Jadi, saat berita tentang perdebatan Terry dengan Mourinho sampai ke Abramovich dan para direktur Chelsea, hal itu mereka anggap sebagai pertarungan terakhir.

Avram Grant, orang Israel yang mempunyai hubungan erat dengan Abramovich, telah menggantikan Mourinho, tetapi Mourinho tidak peduli dengan pernyataan-pernyataan bahwa Grant membantu mempercepat kepergiannya dengan memberi penjelasan yang menentangnya kepada Abramovich.

"Saya tidak peduli bila saya ditohok dari belakang. Saya tidak peduli bila hal itu benar," kata Mourinho.

"Saya tidak ingin menghabiskan waktu dan energi saya untuk membicarakan hal itu. Saya tidak peduli lagi dengan segala sesuatu yang terjadi di Chelsea, siapa yang mereka beli, siapa yang mereka jual, siapa manajernya."

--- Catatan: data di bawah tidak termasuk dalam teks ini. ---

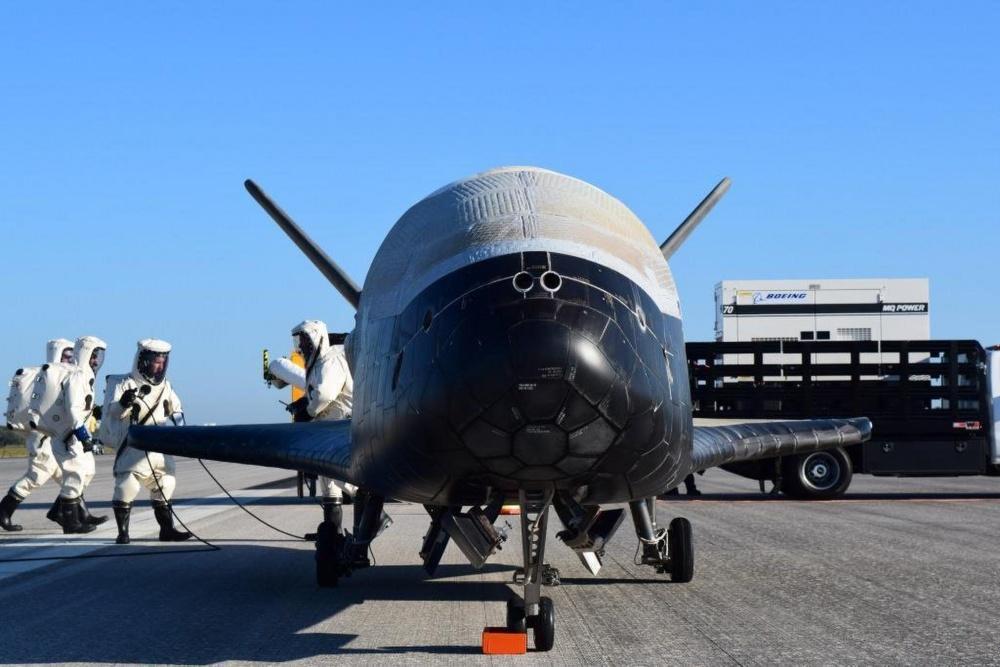 Watch the X-37B space plane land after historic mission - CBS News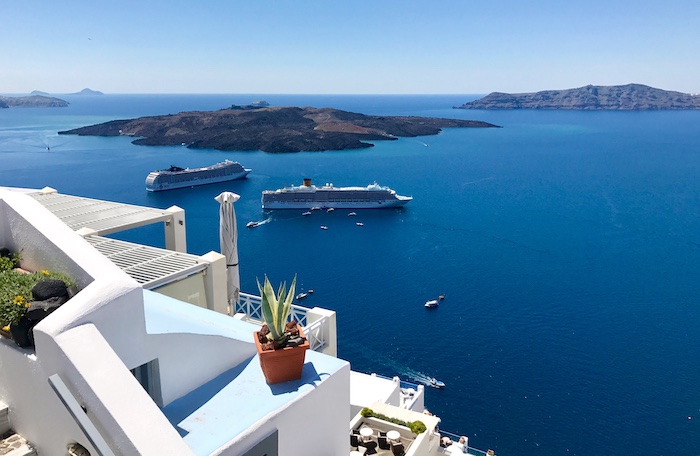 Uitzicht vanaf de kraterrand bij Fira op Santorini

Mourinho telah mendapat dua tawaran untuk kembali ke manajemen, termasuk dari Tottenham, dan bersikukuh bahwa ia akan segera mengambil jabatan lainnya.

Tetapi, tujuannya bukan di Liga Primer setelah Chelsea menuntut dalam suatu klausal yang mencegahnya untuk melatih di tim papan atas Inggris sampai musim mendatang, jadi tujuan mendatangnya bisa jadi Italia atau Jerman.

"Saya sudah mempunyai dua tawaran, tetapi saya tidak akan memberitahu kalian ke mana, hanya tidak ada yang saya minati," kata Mourinho.

"Saya hanya akan beristirahat karena keadaan sepak bola," katanya.

"Tidak ada seorang pun yang memecat manager di bulan September atau Oktober - bila tidak secara normal - jadi saya bersedia bila pekerjaan datang," katanya.